- What the task asks: Using the data below, return word for word every line from the one holding "Haunted house, Scary" down to the one holding "3-Hydroxy-3-(4". Leave pictures out.

- Data provided:
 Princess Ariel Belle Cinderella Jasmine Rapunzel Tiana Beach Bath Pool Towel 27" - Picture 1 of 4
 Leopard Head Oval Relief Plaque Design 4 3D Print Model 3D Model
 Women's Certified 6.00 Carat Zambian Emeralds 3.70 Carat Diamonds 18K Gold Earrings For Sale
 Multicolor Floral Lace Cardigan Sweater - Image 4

...

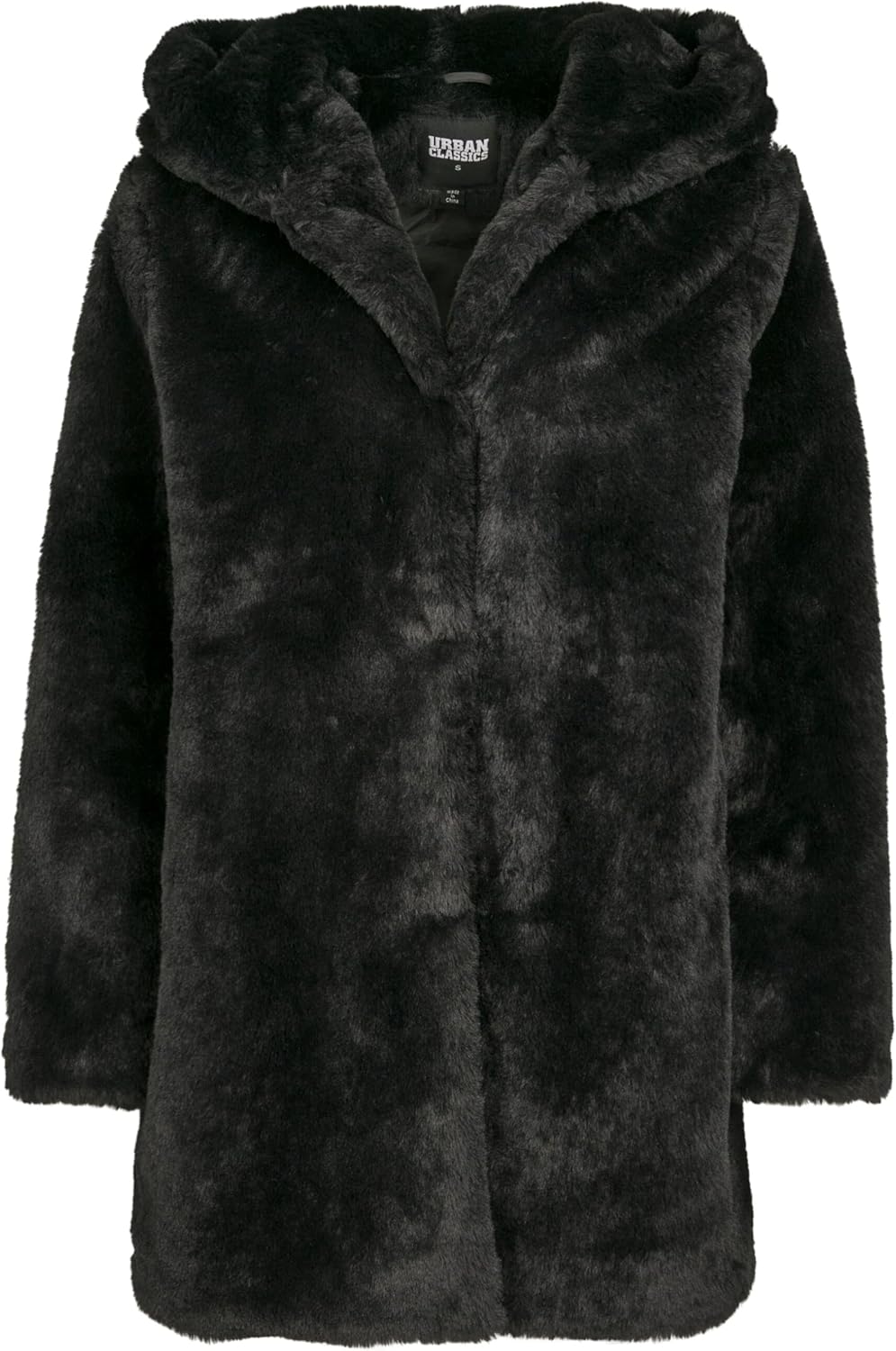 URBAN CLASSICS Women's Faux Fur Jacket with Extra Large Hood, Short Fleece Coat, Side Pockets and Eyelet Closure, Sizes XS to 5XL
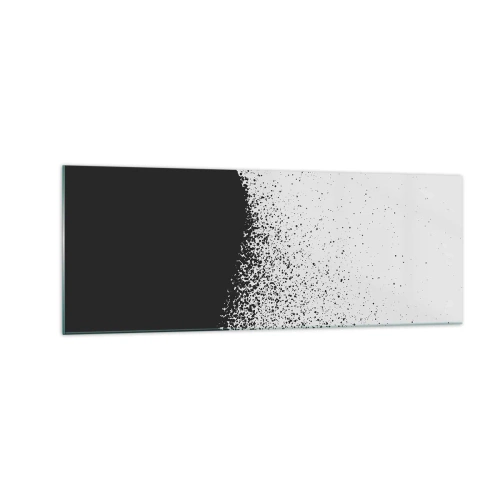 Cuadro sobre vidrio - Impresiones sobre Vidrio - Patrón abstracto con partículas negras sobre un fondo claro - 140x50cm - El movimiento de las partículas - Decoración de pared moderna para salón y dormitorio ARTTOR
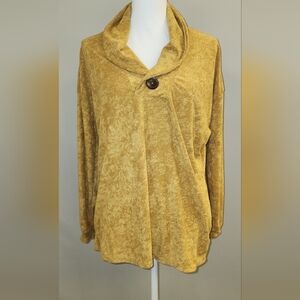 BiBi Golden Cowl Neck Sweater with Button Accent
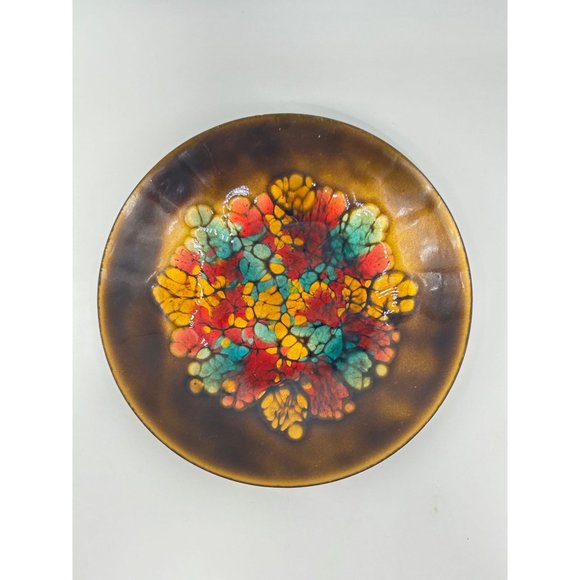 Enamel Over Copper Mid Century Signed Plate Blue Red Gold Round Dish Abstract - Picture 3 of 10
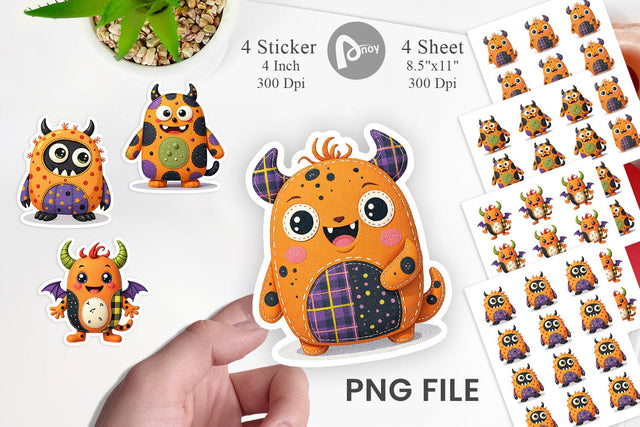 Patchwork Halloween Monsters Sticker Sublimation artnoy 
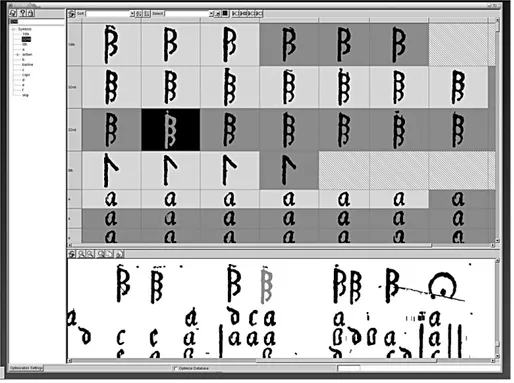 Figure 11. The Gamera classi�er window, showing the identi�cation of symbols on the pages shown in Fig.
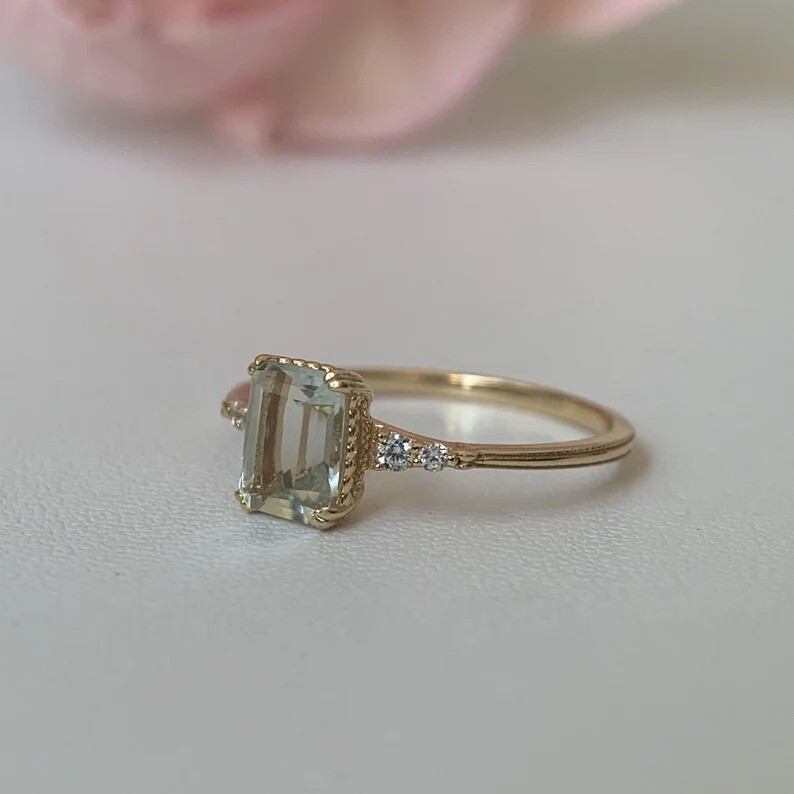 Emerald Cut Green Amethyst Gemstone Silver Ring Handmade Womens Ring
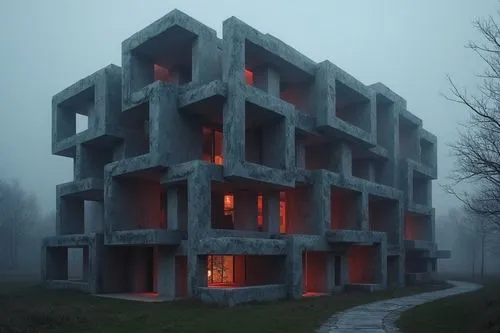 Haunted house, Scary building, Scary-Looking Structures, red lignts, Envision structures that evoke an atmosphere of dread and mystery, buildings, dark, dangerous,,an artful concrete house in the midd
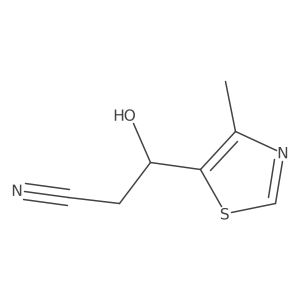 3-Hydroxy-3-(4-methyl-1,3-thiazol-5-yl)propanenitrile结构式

- Result of this exercise:
 Haunted house, Scary building, Scary-Looking Structures, red lignts, Envision structures that evoke an atmosphere of dread and mystery, buildings, dark, dangerous,,an artful concrete house in the midd
 3-Hydroxy-3-(4-methyl-1,3-thiazol-5-yl)propanenitrile结构式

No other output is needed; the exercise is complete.